Expliquons-nous : l’ordonnancement juridique français est un système pyramidal, qui introduit une hiérarchie des normes. Tout en haut, les textes et les principes fondamentaux, en dessous, toute une série de strates normatives (lois, décrets, arrêtés, règlements, décisions individuelles). Et naturellement, les normes inférieures ne doivent pas être contraires aux normes supérieures. Ce dispositif  est dit « Kelsenien » par référence au théoricien autrichien Hans kelsen. (D’ailleurs invoqué dans le mémoire des opposants à la loi).

L’ordonnancement juridique de type anglo-saxon est très différent. De façon, certes, assez caricaturale, on peut le présenter comme étant horizontal. Il n’y a pas, ou peu de hiérarchie des normes. Les dispositifs sont juxtaposés, leurs origines sont diverses, à charge pour le juge, si besoin est, de les articuler, et d’arbitrer entre eux. Avec deux objectifs essentiels : équité et efficacité. Il faut être honnête et constater que le Droit français est déjà entré en métissage.

Que va faire le Conseil Constitutionnel ? Sans lui faire de procès d’intention, Il est malheureusement probable que, soucieux de sortir de ce débat trop passionnel et désormais faussé, il prenne, comme il le fait souvent, une décision à caractère politique, et botte soigneusement en touche en validant la loi.  Difficile de le lui reprocher.

Mais alors, il prendrait parti  pour une voie.
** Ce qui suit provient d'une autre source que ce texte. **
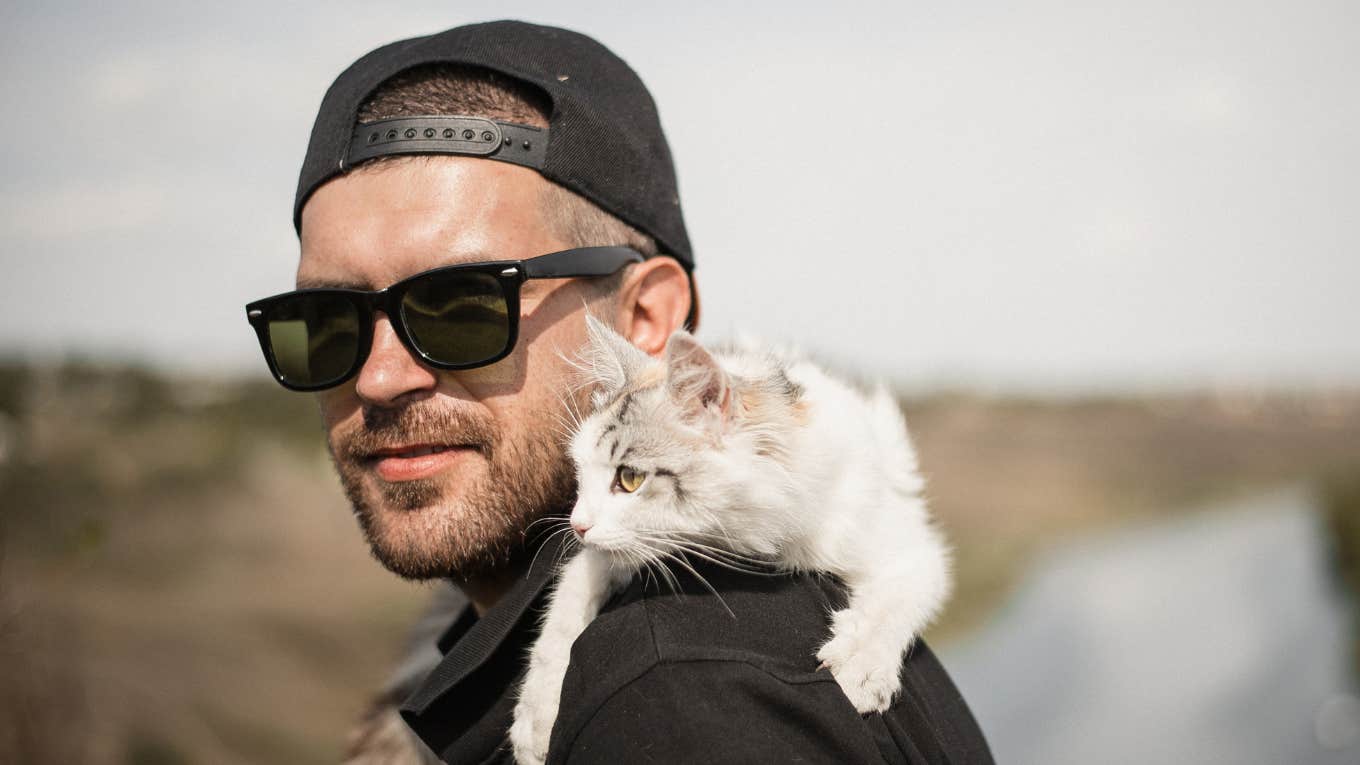 People Who Prefer Cats Over Dogs Display These Personality Traits Man who prefers cats over dogs has these specific personality traits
Il ferait plus que répondre à la question de savoir  si la loi est conforme à la Constitution. Il ferait le choix  entre deux ordonnancements juridiques. Au détriment de celui du Droit  français républicain, où le mariage civil  fait partie du socle, il préférerait l’autre chemin, celui d’un droit prosaïque, pragmatique, individualiste et d’inspiration manifestement anglo-saxonne. Et qui est, inutile de se le cacher, celui de la mondialisation libérale

Les congrès juridiques internationaux résonnent des imprécations contre les droits latins et le Droit français en particulier, qui ne seraient « pas bon pour les affaires ». Le Conseil Constitutionnel va probablement nous dire qu’il n’est pas bon non plus pour la «modernité».

Chateaubriand en concluant ses mémoires prévoyait la venue d’une  langue française  transformée en «pure transaction commerciale». En sera-t-il de même de notre Droit? On peut le craindre, parce que comme le dit Pierre Legendre, « il n’est rien de plus humain que la fuite de ce que l’on est».